What you have to do. For this listing, reproduce the line with "Vintage 70s Floral‎", the line with "Roller Schaats Neon Birthday Party Kaart", and the lines between, exactly as they stand. Leave out pictures and all other lines.

Stored data.

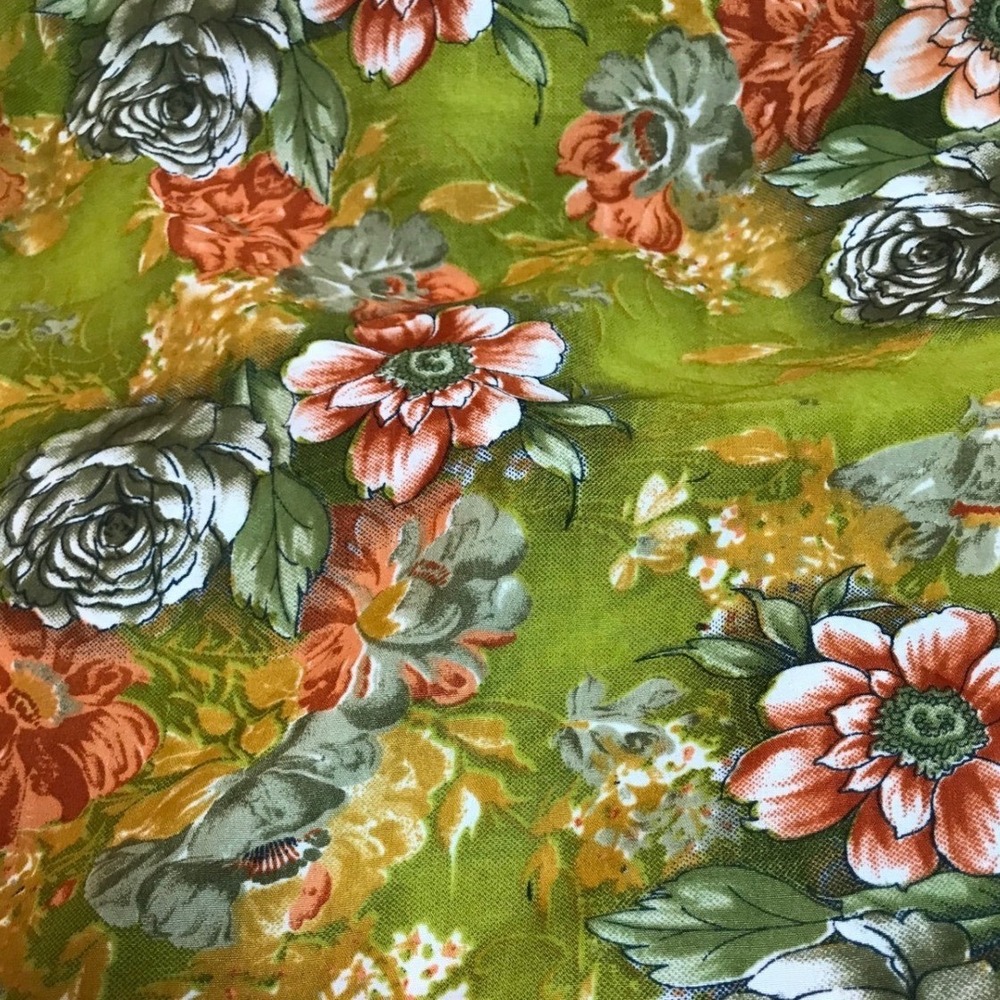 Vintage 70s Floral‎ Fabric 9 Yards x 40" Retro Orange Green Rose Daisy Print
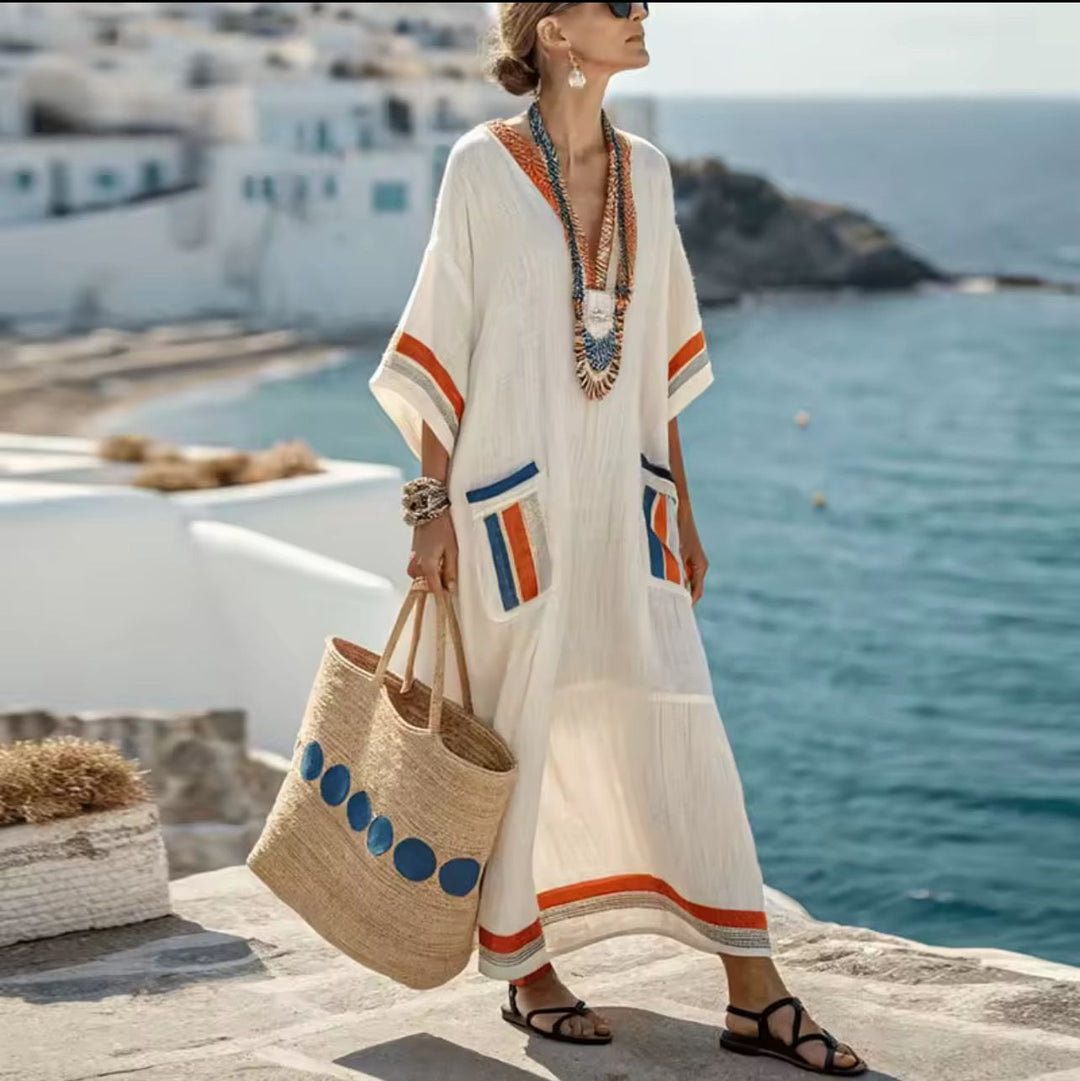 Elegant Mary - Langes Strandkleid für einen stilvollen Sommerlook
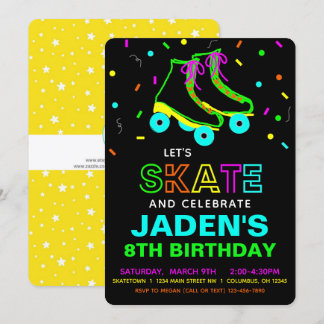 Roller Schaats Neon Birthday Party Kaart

* * *

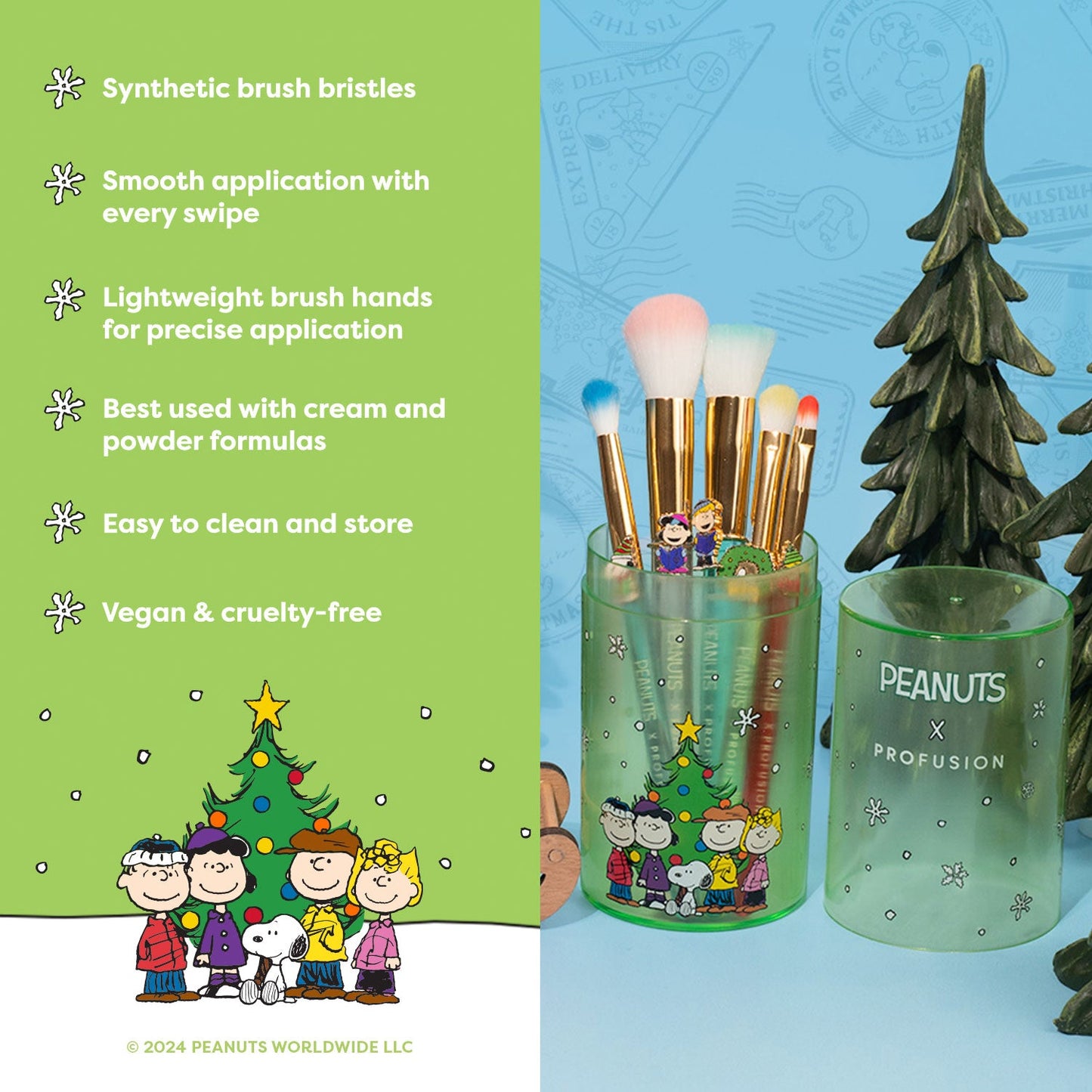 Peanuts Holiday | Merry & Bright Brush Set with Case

Exercise solution.
 Vintage 70s Floral‎ Fabric 9 Yards x 40" Retro Orange Green Rose Daisy Print
 Elegant Mary - Langes Strandkleid für einen stilvollen Sommerlook
 Roller Schaats Neon Birthday Party Kaart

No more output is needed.